By narrowing [15] the rule A(c(x1)) → A(a(b(x1))) at position [0] we obtained the following new rules:
A(c(y0)) → A(b(b(y0)))
A(c(b(x0))) → A(a(x0))
A(c(y0)) → A(b(y0))
↳ QTRS
↳ DependencyPairsProof
↳ QDP
↳ DependencyGraphProof
↳ QDP
↳ Narrowing
↳ QDP
↳ Narrowing
↳ QDP
↳ Narrowing
↳ QTRS Reverse
↳ QTRS Reverse
Q DP problem:
The TRS P consists of the following rules:
A(c(y0)) → A(b(y0))
A(c(y0)) → A(b(b(y0)))
A(c(b(x0))) → A(a(x0))
A(c(b(x0))) → A(x0)
The TRS R consists of the following rules:
a(x1) → x1
a(x1) → b(x1)
a(c(x1)) → c(c(a(a(b(x1)))))
b(b(x1)) → x1
Q is empty.
We have to consider all minimal (P,Q,R)-chains.

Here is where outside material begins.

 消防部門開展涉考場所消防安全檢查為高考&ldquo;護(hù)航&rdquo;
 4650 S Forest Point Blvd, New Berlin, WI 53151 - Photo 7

By narrowing [15] the rule A(c(y0)) → A(b(b(y0))) at position [0] we obtained the following new rules:
A(c(b(x0))) → A(b(x0))
A(c(x0)) → A(x0)
↳ QTRS
↳ DependencyPairsProof
↳ QDP
↳ DependencyGraphProof
↳ QDP
↳ Narrowing
↳ QDP
↳ Narrowing
↳ QDP
↳ Narrowing
↳ QDP
↳ Narrowing
↳ QTRS Reverse
↳ QTRS Reverse
Q DP problem:
The TRS P consists of the following rules:
A(c(b(x0))) → A(b(x0))
A(c(y0)) → A(b(y0))
A(c(x0)) → A(x0)
A(c(b(x0))) → A(x0)
A(c(b(x0))) → A(a(x0))
The TRS R consists of the following rules:
a(x1) → x1
a(x1) → b(x1)
a(c(x1)) → c(c(a(a(b(x1)))))
b(b(x1)) → x1
Q is empty.
We have to consider all minimal (P,Q,R)-chains.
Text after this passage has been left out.